By Ramon Diaz-Arrastia, MD, PhD
Traumatic brain injury (TBI) has been one of the most common maladies in human history.1 Recent quantitative studies from burial sites of prehistoric modern humans2;3 indicate that approximately one-third of our ancestors experienced cranial trauma sufficient to result in a skull fracture. This high rate of TBI in prehistoric humans makes it likely that genetic variants that confer resistance to brain trauma, or foster repair and plasticity of injured neural tissue, would have been selectively favored through evolution. TBI remains a major problem in modern societies, primarily as a consequence of traffic accidents and falls. In the United States alone, an estimated 1.7 million people sustain a TBI annually, of which 275,000 require hospitalization and 52,000 die.4 Rates are even higher in developing countries.5
TBI is perhaps the best established environmental risk factor for dementia. Cross-sectional and longitudinal studies over the past two decades indicate that the odds ratio (OR) for late life dementia is from 1.5 – 4.0 in those who have sustained a TBI in early or mid-life. As expected, injury severity has an effect. For those who sustained a severe TBI, the risk is approximately 4-fold; after a moderate TBI the risk is only about 2-fold; and even after a mild TBI risks of 1.3 – 1.8 fold have been reported in recent large epidemiologic studies. Available data allow a rough calculation of how much of the population’s burden of dementia is attributable to TBI. Assuming that the cumulative lifetime incidence of TBI requiring hospitalization is 10%, a reasonable estimate based on the most recent data, the attributable risk of dementia to TBI is in the range of 5 – 15%.6
Little information can be gleaned from the epidemiologic studies regarding specific clinical and pathologic features of dementia associated with TBI. Most studies have focused on Alzheimer’s disease (AD), and in the better studies7-9 the diagnosis of probable or possible AD was made using established NINDS-ADRDA criteria.10 However, pathologic confirmation of AD diagnosis, which remains the gold standard for diagnosis, is not available in these epidemiologic studies.
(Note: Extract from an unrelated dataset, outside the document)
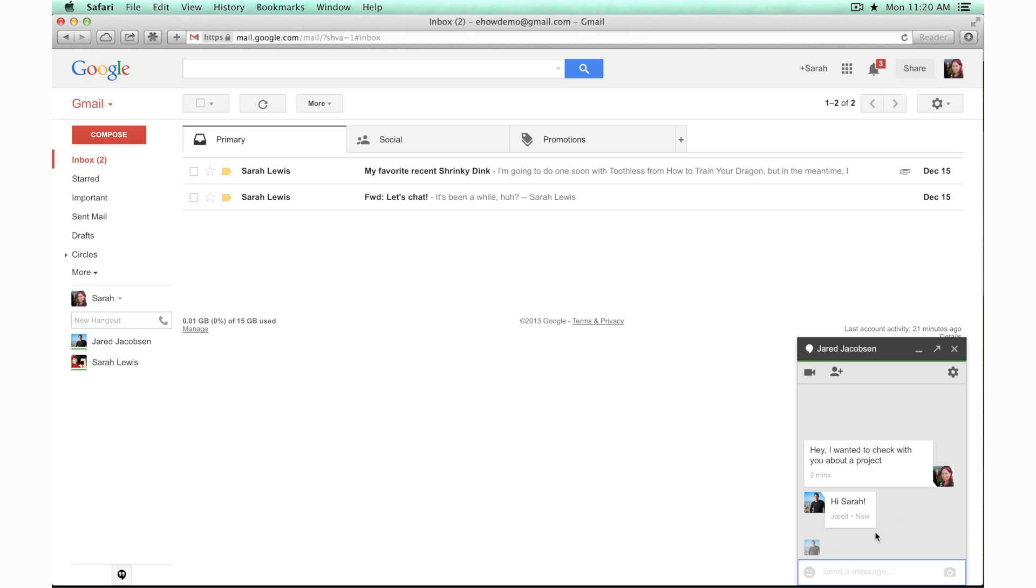Hi, I'm Sarah Lewis and I'm going to show you how to live chat in Gmail. You can chat with anyone else who has a Google account without downloading any extra software. So it's a great way to keep in touch.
Studies which have analyzed the clinical features of dementia in TBI survivors indicates that neuropsychiatric symptoms such as depression, anxiety, irritability, are more common in TBI-associated dementia than in typical AD.11
Whereas the long-term consequences of a single episode of primarily moderate-to-severe TBI have only recently been recognized, it has long been known that multiple mild TBIs result in late-life dementia. Recent studies of retired professional athletes who had sustained multiple concussions and developed dementia reported prominent tau-immunoreactive neurofibrillary and astrocytic tangles, but amyloid- β pathology was noted in less than half the cases. The distribution of neurofibrillary tangles differs from that seen in AD and represents a distinct pathology, termed chronic traumatic encephalopathy (CTE).12 It is unknown whether similar findings are noted in individuals who sustained a single moderate or severe TBI, a population several orders of magnitude larger than that of retired professional athletes.
In summary, TBI is common in modern societies, and advanced neurosurgical and neurological care allows most victims of even severe injuries to survive for many decades, albeit sometimes with disabilities. One of the most feared consequences of TBI is dementia. Epidemiologic studies indicate that TBI in early to mid-life is associated with an increased risk of dementia in late life, in the range of two- to four- fold compared to the general population. This risk appears to be much higher in the setting of multiple TBIs, although research is this area is in its infancy. Understanding the features of dementia after TBI is critically important to society. While currently there are no effective therapies available to treat or prevent AD, several such therapies are in the horizon.13 If TBI survivors are at increased risk of AD-type neurodegeneration, early recognition will be essential in order to implement preventive therapies. Alternatively, if TBI survivors experience dementia as a result of an alternate pathologic process, such as CTE, identifying early and pre-clinical diagnostic biomarkers is an essential first step for developing effective therapies. Finally, the recognition that certain members of society, such as military service members and professional athletes, are at particular risk of TBI-related dementia should stimulate research on preventative strategies focused on these individuals.
Dr. Diaz-Arrastia is Professor of Neurology, Uniformed Services University of the Health Sciences, and Director of Clinical Research at the Center for Neuroscience and Regenerative Medicine (CNRM). Dr. Diaz-Arrastia’s research interests are focused in the area of understanding the molecular, cellular, and tissue level mechanisms of secondary neuronal injury and neuroregeneration. Dr. Diaz-Arrastia has published over 125 peer-reviewed primary research papers, as well as over 20 invited reviews and book chapters. He has also served in several national committees related to TBI research and practice. He has served on expert panels convened by the Institute of Medicine, the National Institute of Neurological Disorders and Stroke, the National Institute of Aging, and the Department of Defense. He is also a peer reviewer for the leading journals in neurology, neuroscience, neurotrauma, and neurorehabilitation.